Bisnis.com, JAKARTA - Industri mebel membutuhkan trading houseatau rumah dagang terintegrasi untuk mendongkrak kinerja, daya saing, dan ekspor, sehingga mampu menyerap tenaga kerja di sektor padat karya tersebut lebih banyak lagi.
"Potensi industri mebel dan kerajinan ini sangat besar karena sebagian besar bahan baku ada di Indonesia, seperti kayu dan rotan. Namun sayang kurang efisien, padahal produktivitasnya bisa meningkat lagi," kata Wakil Ketua Umum Kamar Dagang dan Industri Indonesia Rachmat Gobel di Jakarta, Minggu (10/8/2014).
Pada akhir pekan ini Rachmat Gobel bertemu dengan sejumlah pelaku usaha mebel dan kerajinan Surabaya dan Mojokerto, Jawa Timur.
Pada kesempatan itu Rachmat yang juga anggota Komite Inovasi Nasional (KIN) mengunjungi bengkel kerja PT Kurnia Anggun yang 99% produksi mebelnya diekspor ke Amerika Serikat dan PT Prospek Era Manunggal yang memproduksi mebel rotan dan marmer untuk pasar hotel dan perumahan di dalam maupun luar negeri.
Ia menilai industri mebel menjadi tidak efisien ketika melakukan stok bahan baku seperti kayu dan rotan berbulan-bulan, karena khawatir tidak mendapat pasokan. "Stok yang banyak itu biaya," ujar pengusaha nasional itu.
Demikian pula dengan sisa kayu yang terbuang itu, kata dia, sebenarnya bisa dimanfaatkan industri mebel lainnya. Tata ruang produksi pun, menurut dia, bisa dibuat lebih nyaman dan efisien dalam penggunaan energi.
"Kalau ada trading house yang bisa memasok bahan baku dan informasi pasar, industri mebel ini akan semakin efisien dan berdaya saing," katanya.
Hal senada dikemukan pemilik PT Kurnia Anggun, Y Sumarno. Ia mengatakan rumah dagang (trading house) akan sangat membantu industri mebel dan kerajinan untuk mendapatkan bahan baku dengan mudah, mulai dari kayu dan rotan, hingga aksesoris dan bahan penolong seperti veneer.
Apalagi, saat ini pelaku usaha mebel dan kerajinan kesulitan mengikuti kebijakan pemerintah tentang sertifikasi sistem verifikasi legalitas kayu (SVLK) yang biayanya besar. "Kalau ada 'trading house', biar dia yang mengurus SVLK dan memasok kayu sesuai ketentuan pemerintah itu," ujar Sumarno yang sudah lebih dari 20 tahun menjadi pengusaha mebel.
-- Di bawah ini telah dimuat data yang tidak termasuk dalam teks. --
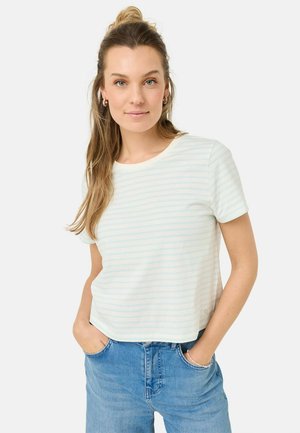 Kortærmet, lyseblå og hvidstribet t-shirt lavet af blødt stof, med rund hals og en afslappet pasform, parret med blå jeans.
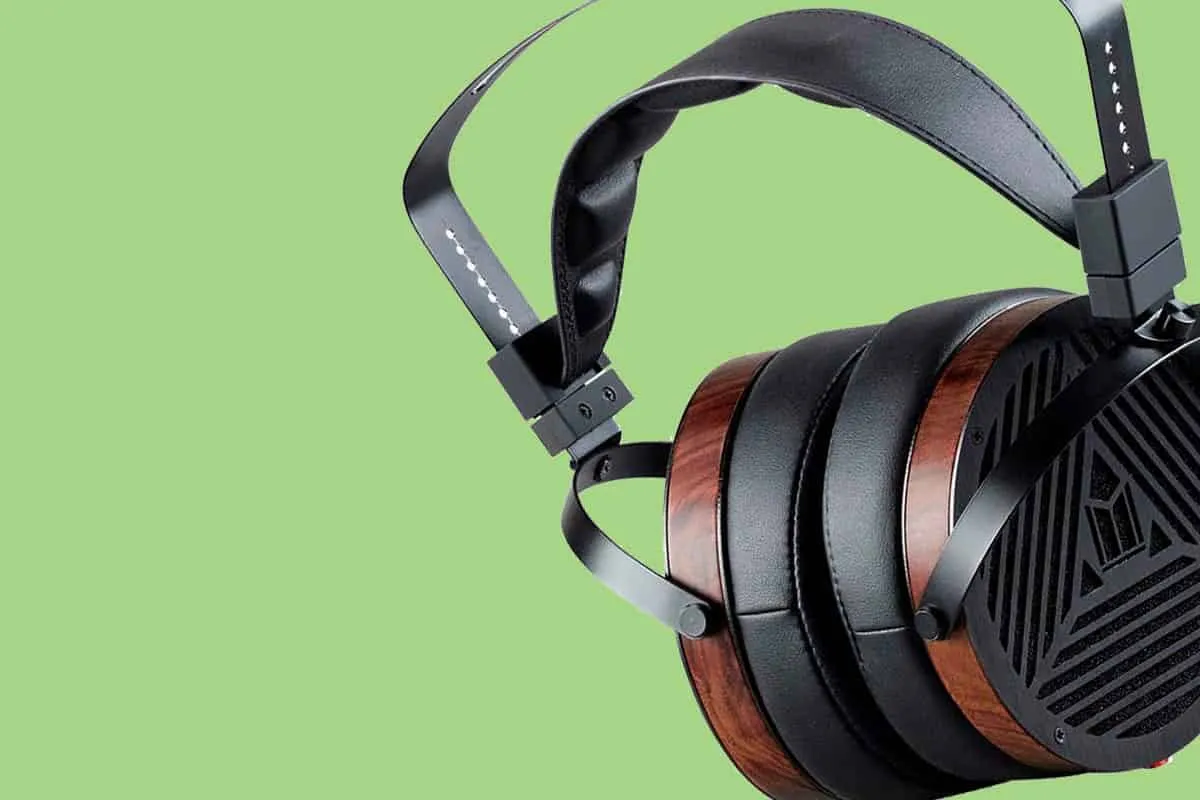 Monolith M1060 Review [2026] - Big, Bold & Affordable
Trading house, menurut dia, harus didorong pembentukannya guna mempermudah industri mebel dan kerajinan, tidak hanya akses bahan baku, tapi juga informasi pasar dan pembiayaan.
Ditambahkan Sekjen Asosiasi Mebel dan Kerajinan Rotan Indonesia (AMKRI) Abdul Sobur, selama ini sekitar 5% dari bahan baku industri mebel dan kerajinan masih diimpor, terutama aksesoris. "Kalau ada trading house, dia bisa bekerja sama dengan industri lokal untuk membuat aksesoris di dalam negeri."
Industri mebel dan kerajinan Indonesia, lanjut dia, berada diurutan ke-13 di dunia, dengan ekspor sebesar US$1,7 miliar tahun lalu. "Tahun ini, saya yakin ekspornya bisa menembus US$2 miliar," ujarnya.
Hal itu berdasarkan peningkatan pesat ekspor mebel dan kerajinan Jatim yang menembus angka US$800 juta pada semester pertama 2014. "Jatim sendiri memberi kontribusi 65% ekspor mebel Indonesia," kata Sobur.
Saat ini, industri mebel dan kerajinan menyerap 500.000 tenaga kerja secara langsung dan 2,5 juta orang bekerja di industri pendukungnya.